- **Exercise directions**
Starting with the line that contains "Действия Следственного комитета", write out each line through the end of the listing, unchanged. Output nothing else.

- **Data for the task**
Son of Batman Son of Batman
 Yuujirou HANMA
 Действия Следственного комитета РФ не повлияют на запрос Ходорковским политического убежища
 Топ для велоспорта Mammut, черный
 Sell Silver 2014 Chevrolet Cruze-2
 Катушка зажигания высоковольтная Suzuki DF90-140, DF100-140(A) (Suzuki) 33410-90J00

- **Output of the task**
 Действия Следственного комитета РФ не повлияют на запрос Ходорковским политического убежища
 Топ для велоспорта Mammut, черный
 Sell Silver 2014 Chevrolet Cruze-2
 Катушка зажигания высоковольтная Suzuki DF90-140, DF100-140(A) (Suzuki) 33410-90J00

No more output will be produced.